YOUR ASSIGNMENT: Your output must be the lines below from the line containing "90s Polo Ralph" to the line containing "adidas Mexico 11/12", both lines included, reproduced exactly and without pictures.

======== RECORDED INFORMATION

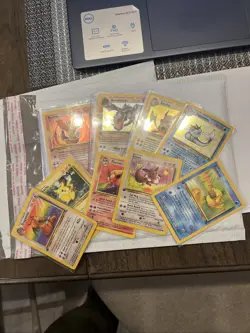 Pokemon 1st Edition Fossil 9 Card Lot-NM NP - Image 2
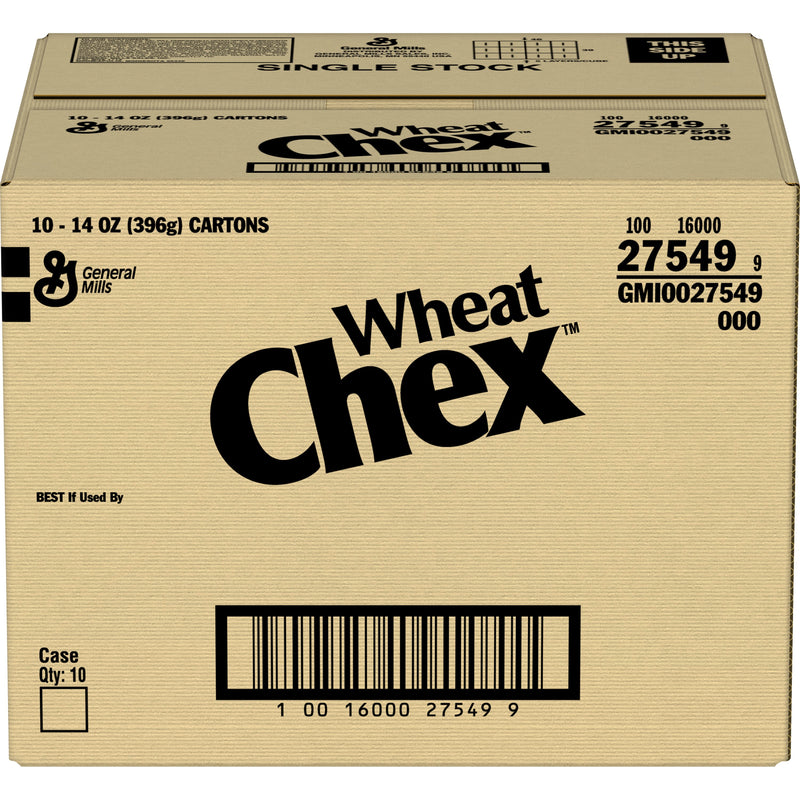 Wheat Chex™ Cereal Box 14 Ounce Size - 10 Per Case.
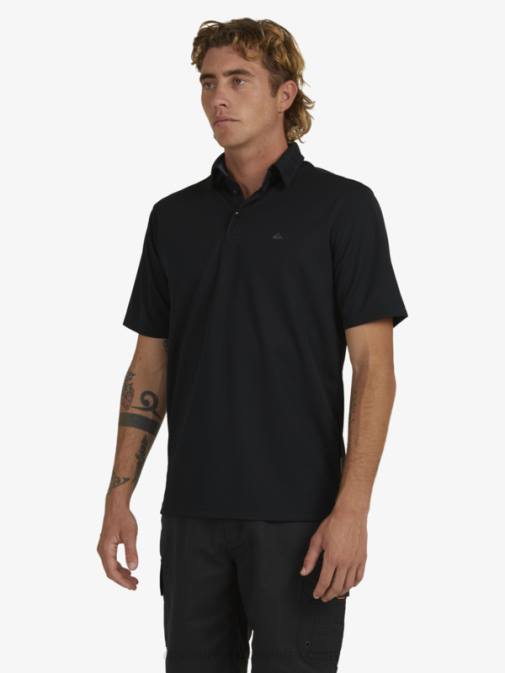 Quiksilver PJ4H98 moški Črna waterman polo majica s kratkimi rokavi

================
======== RECORDED INFORMATION

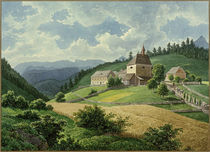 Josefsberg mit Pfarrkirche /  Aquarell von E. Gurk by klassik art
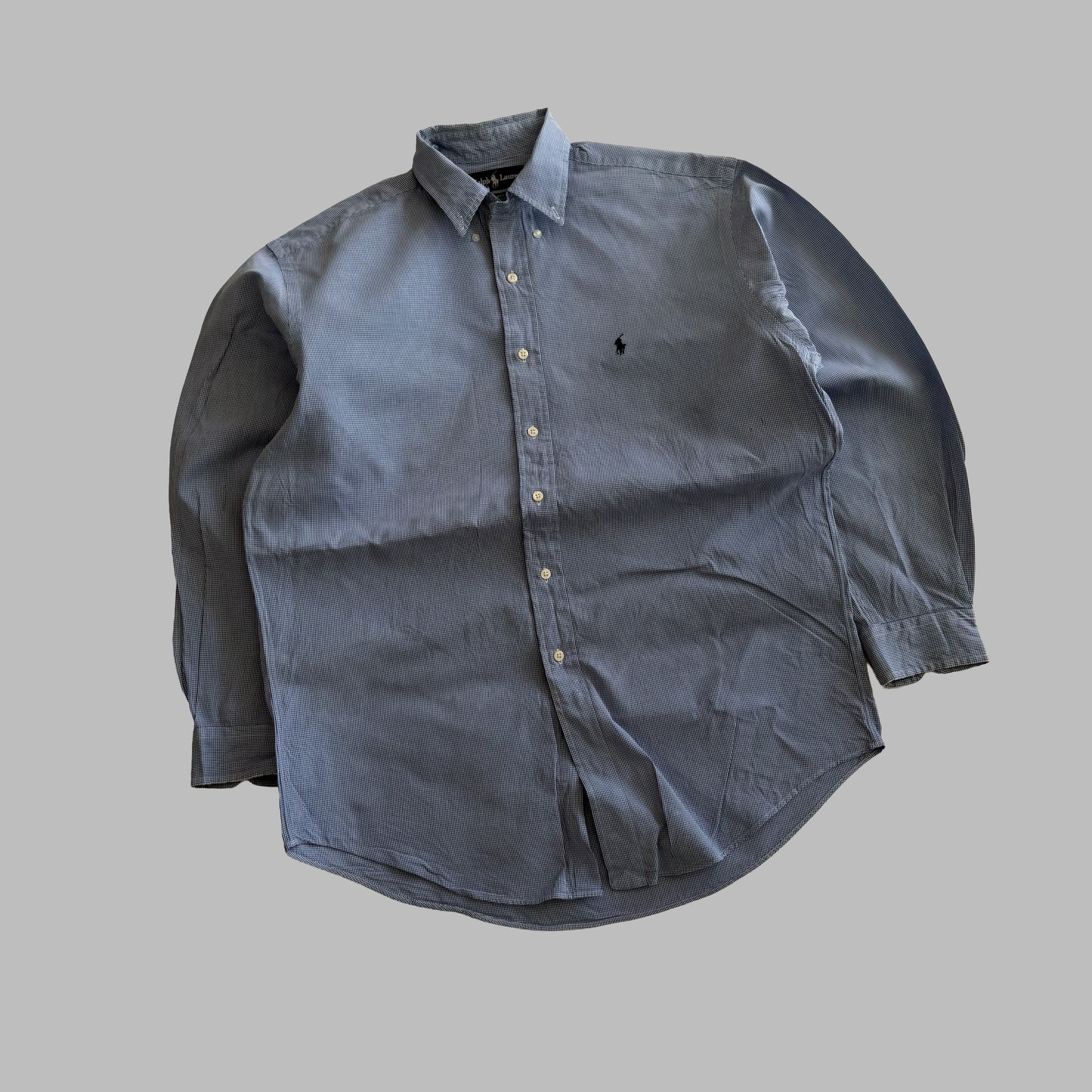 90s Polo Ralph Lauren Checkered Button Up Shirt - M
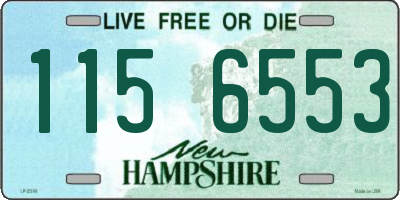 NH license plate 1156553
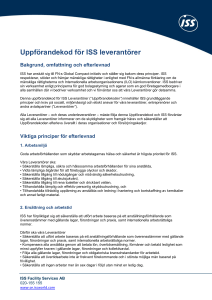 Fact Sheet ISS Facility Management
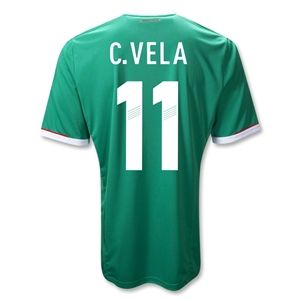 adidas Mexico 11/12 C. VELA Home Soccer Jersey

================
======== RECORDED INFORMATION

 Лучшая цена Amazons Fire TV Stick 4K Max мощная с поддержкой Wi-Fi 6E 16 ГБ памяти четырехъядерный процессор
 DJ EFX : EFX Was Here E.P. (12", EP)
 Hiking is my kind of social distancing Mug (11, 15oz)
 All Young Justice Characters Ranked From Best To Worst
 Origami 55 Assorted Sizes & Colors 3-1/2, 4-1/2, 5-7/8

================

REPLY TO THE TASK:
 90s Polo Ralph Lauren Checkered Button Up Shirt - M
 NH license plate 1156553
 Fact Sheet ISS Facility Management
 adidas Mexico 11/12 C. VELA Home Soccer Jersey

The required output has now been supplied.